* INSTRUCTIONS TO FOLLOW
Print, word for word, the opening line of the data below and every line after it through the line that contains "How simple are", but not the pictures.

** Opening DATASET EXCERPTS block **

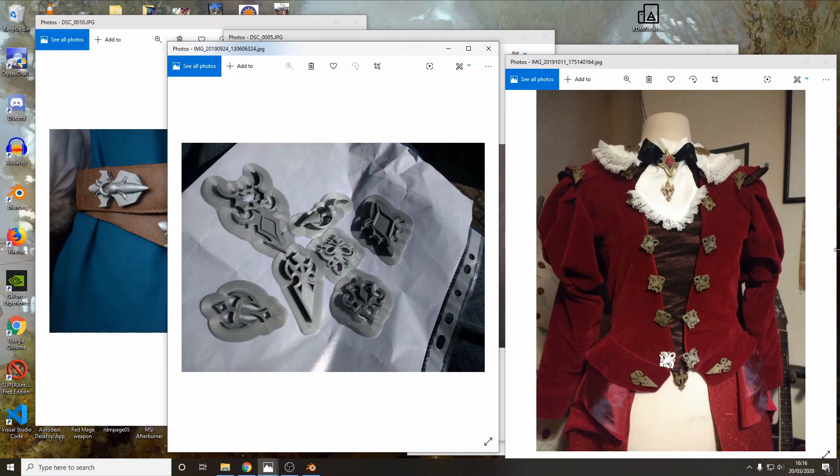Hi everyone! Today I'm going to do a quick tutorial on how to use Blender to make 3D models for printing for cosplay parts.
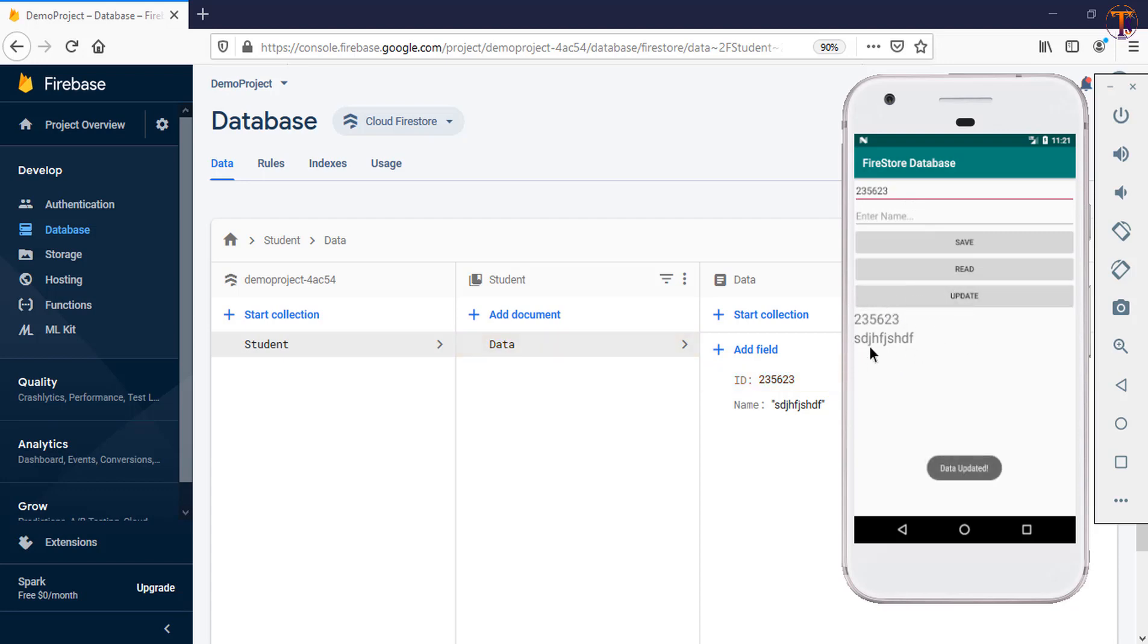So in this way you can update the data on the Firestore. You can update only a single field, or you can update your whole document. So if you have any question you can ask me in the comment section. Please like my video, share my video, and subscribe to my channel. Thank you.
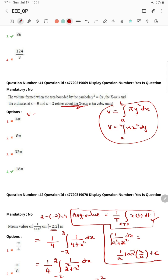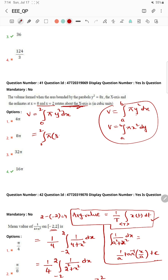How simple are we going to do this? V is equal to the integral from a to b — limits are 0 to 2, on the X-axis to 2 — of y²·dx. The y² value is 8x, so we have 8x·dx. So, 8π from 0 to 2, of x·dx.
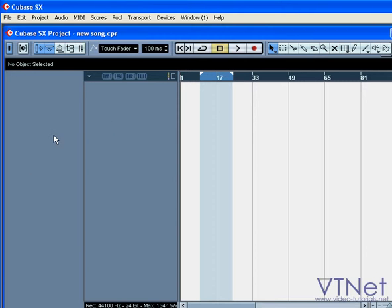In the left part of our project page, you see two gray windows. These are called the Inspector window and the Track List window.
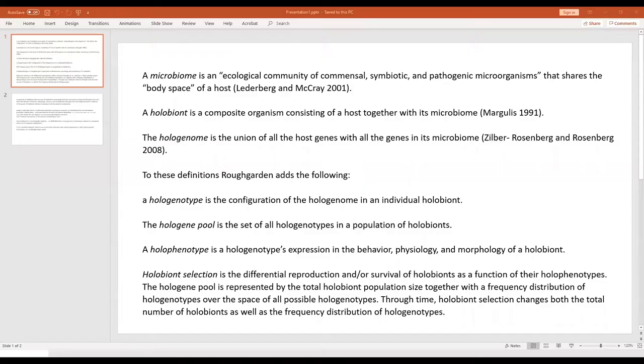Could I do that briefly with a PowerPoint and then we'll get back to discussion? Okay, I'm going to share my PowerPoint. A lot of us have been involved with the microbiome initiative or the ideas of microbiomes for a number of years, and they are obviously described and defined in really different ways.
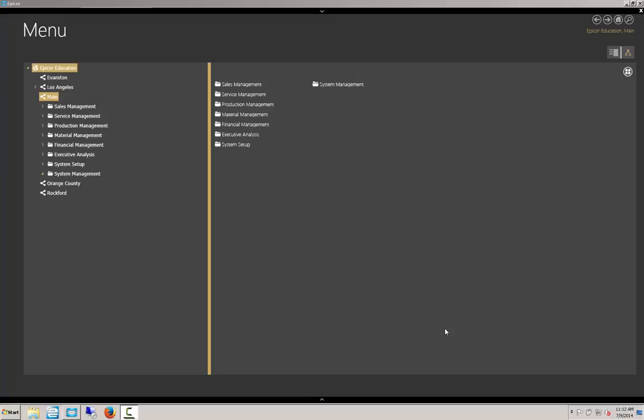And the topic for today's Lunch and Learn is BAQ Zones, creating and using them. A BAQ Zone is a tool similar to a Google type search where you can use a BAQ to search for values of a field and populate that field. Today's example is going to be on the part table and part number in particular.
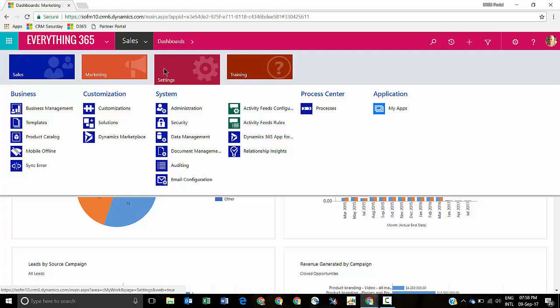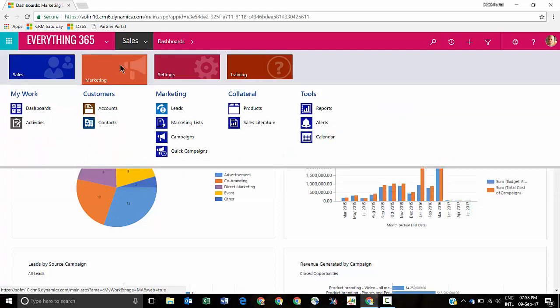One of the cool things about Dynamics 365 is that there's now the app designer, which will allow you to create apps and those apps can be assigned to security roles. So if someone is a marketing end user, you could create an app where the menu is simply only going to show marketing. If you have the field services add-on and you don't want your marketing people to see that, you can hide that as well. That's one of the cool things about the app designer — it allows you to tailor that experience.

** Closing DATASET EXCERPTS block **

* ANSWER SECTION
Hi everyone! Today I'm going to do a quick tutorial on how to use Blender to make 3D models for printing for cosplay parts.
So in this way you can update the data on the Firestore. You can update only a single field, or you can update your whole document. So if you have any question you can ask me in the comment section. Please like my video, share my video, and subscribe to my channel. Thank you.
How simple are we going to do this? V is equal to the integral from a to b — limits are 0 to 2, on the X-axis to 2 — of y²·dx. The y² value is 8x, so we have 8x·dx. So, 8π from 0 to 2, of x·dx.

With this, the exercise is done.